ABOUT THIS EXERCISE =>
Only the lines from the one containing "Batman Embroidered Logo Black Trucker Hat" through the one containing "LA MER Moisturizer - (2oz) • $185" should be printed, exactly as they appear below, with both ends included.

SOURCE RECORDS =>

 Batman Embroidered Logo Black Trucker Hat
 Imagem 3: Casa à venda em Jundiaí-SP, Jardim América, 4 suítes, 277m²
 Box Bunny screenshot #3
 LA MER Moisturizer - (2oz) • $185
==
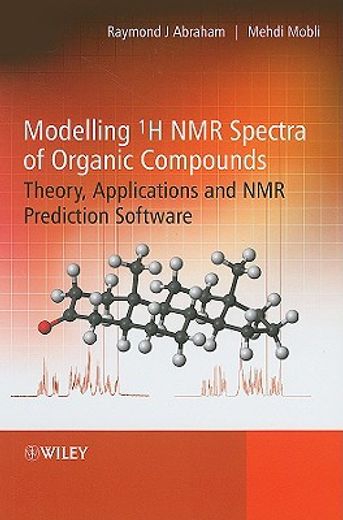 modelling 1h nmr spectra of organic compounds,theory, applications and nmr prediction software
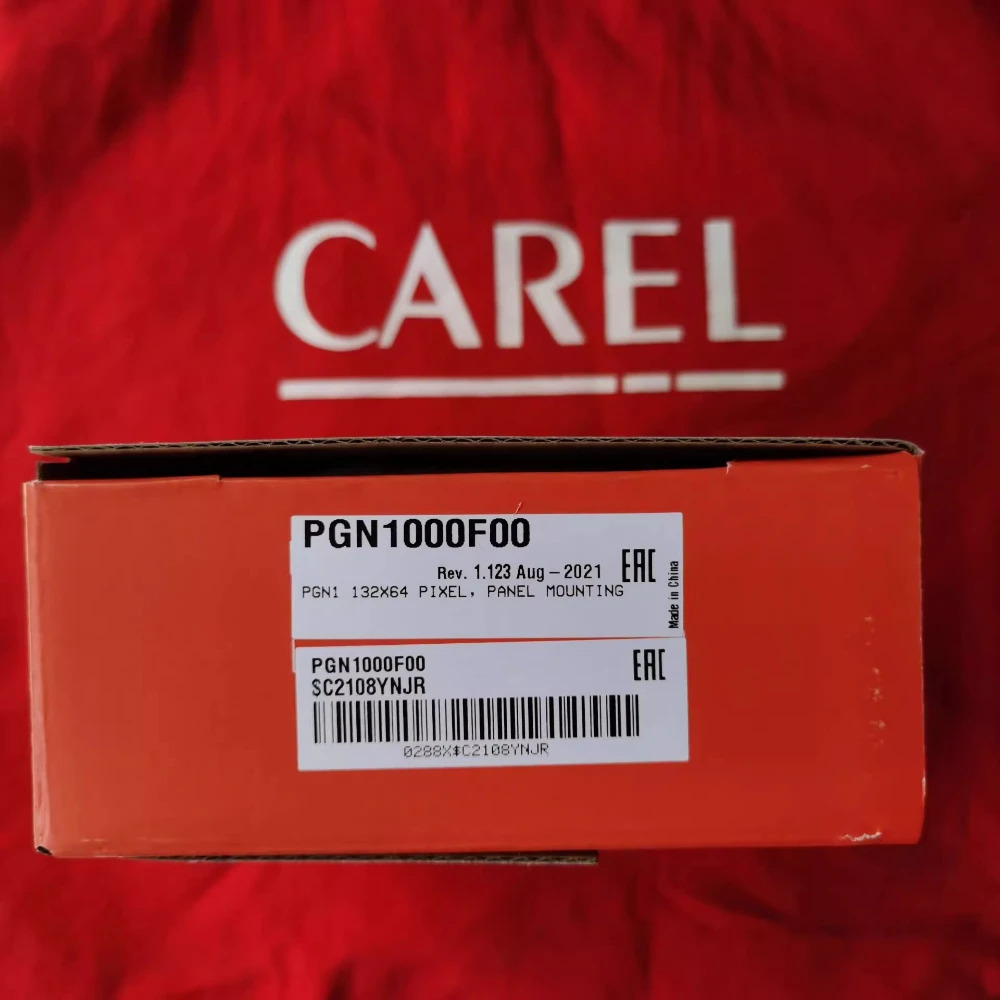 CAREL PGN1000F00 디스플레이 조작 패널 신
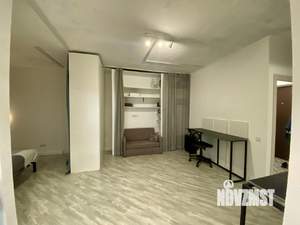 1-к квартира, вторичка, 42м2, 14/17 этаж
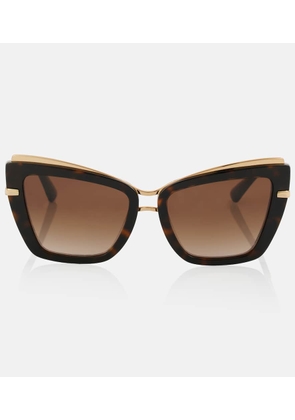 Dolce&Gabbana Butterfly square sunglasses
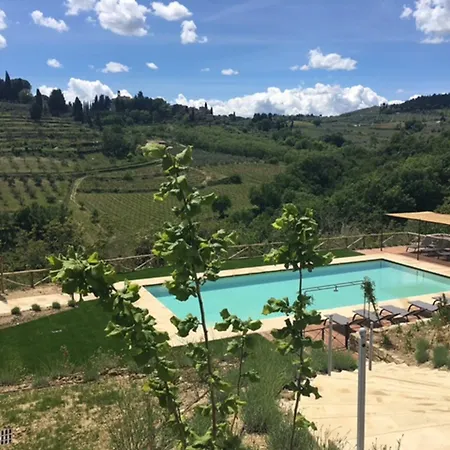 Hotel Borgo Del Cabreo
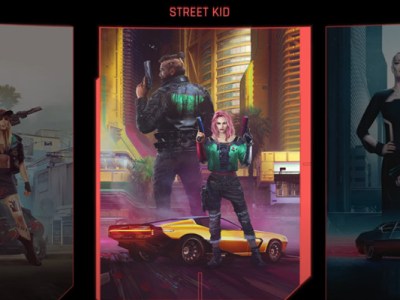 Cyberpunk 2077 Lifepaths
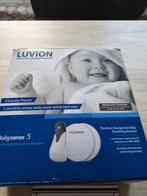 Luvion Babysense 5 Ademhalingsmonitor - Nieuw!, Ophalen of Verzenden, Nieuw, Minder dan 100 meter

RESPONSE TO THIS TASK =>
 Batman Embroidered Logo Black Trucker Hat
 Imagem 3: Casa à venda em Jundiaí-SP, Jardim América, 4 suítes, 277m²
 Box Bunny screenshot #3
 LA MER Moisturizer - (2oz) • $185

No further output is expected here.